Onboard Geomagnetic Field Generation Module for CubeSat Attitude Control Simulations

In recent decades, employing small satellites in low earth orbit (LEO) has an increasing tendency. Generally, they are equipped with a magnetic torque actuator (e.g., magnetorquer, MTQ) and a reaction wheel (RW) that are associatively manipulated to perform various operation modes. As a matter of fact, the LEO satellites functionally experience the Earth’s magnetic field more than other spacecrafts, and the B-dot control scheme inherently utilizing the geomagnetic field is unanimously applied among small satellites mainly for the maneuvers of attitude detumbling and RW momentum desaturation. In this paper, perceiving the need for a geomagnetic field generation module to provide a LEO environment when developing CubeSat’s ADCS, an integrated “Onboard Geomagnetic Field Generation Module (OGFGM)” consisting of an orbit propagator, an IGRF model, and coordinate rotation matrices is proposed, which can be flexibly and conveniently embedded in the relevant systematical platforms (e.g., model-in-the-loop (MIL), hardware-in-the-loop (HIL), etc.) to render the in-orbit geomagnetic conditions, enabling the dynamic magnetic field simulations required for ADCS research and design (R&D) as well as relevant experimental testing to be performed in a real-time and coherent manner.
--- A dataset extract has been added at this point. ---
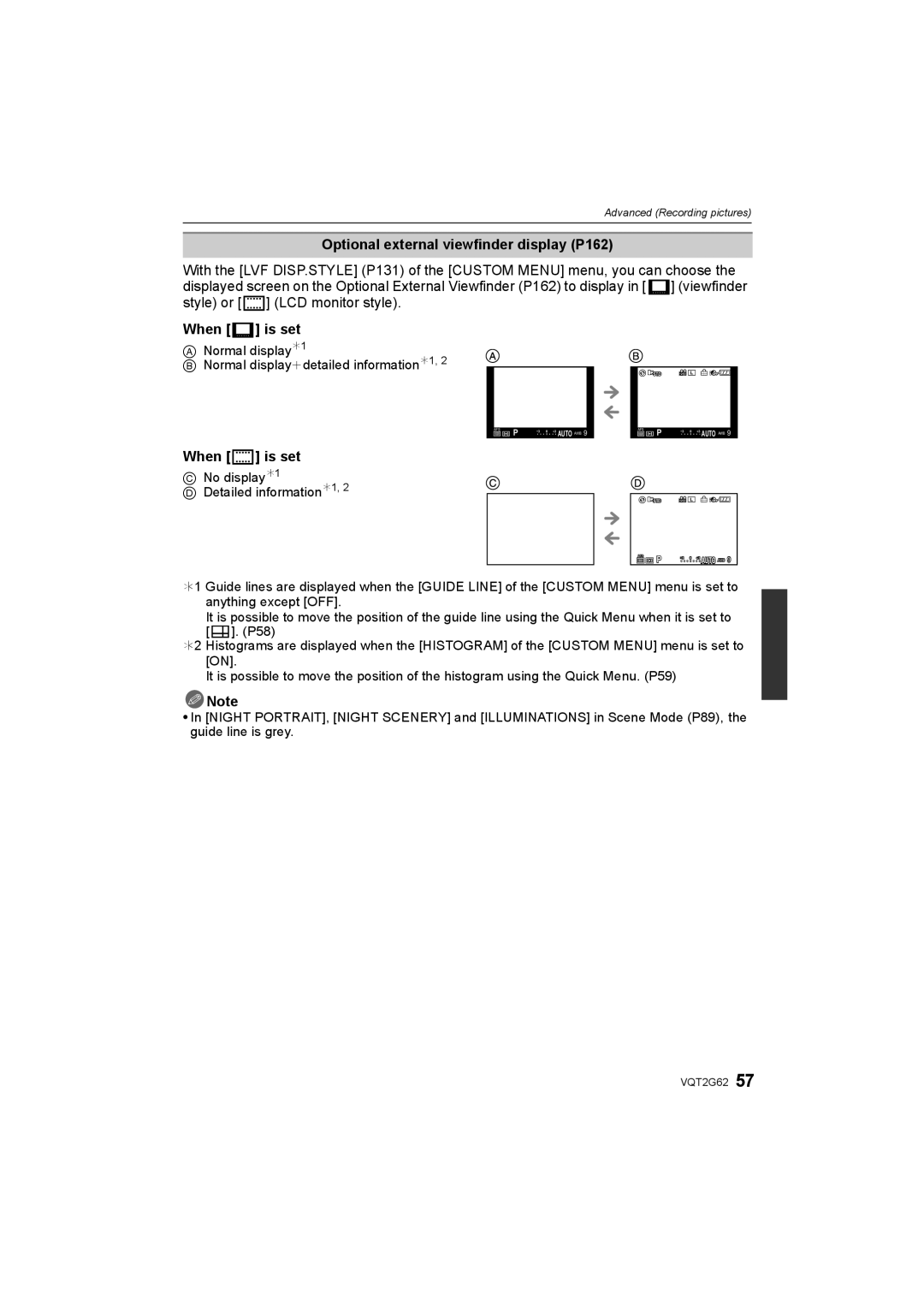 Panasonic DMC-GF1K Optional external viewfinder display P162, Normal display¢1 Normal displayidetailed information¢1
In this work, the computed local geomagnetic fields (BNED) of three orbit types (e.g., ISS, Polar, and Equatorial) are validated with the BGS (British Geological Survey) website IGRF calculator, the integrity of respective geomagnetic field conversions during the MIL simulation is examined, and performance of the B-cross control scheme adopting mechatronics engineering strategy is simulated in the MATLAB/Simulink environment showing a substantial enhancement in actuation effort.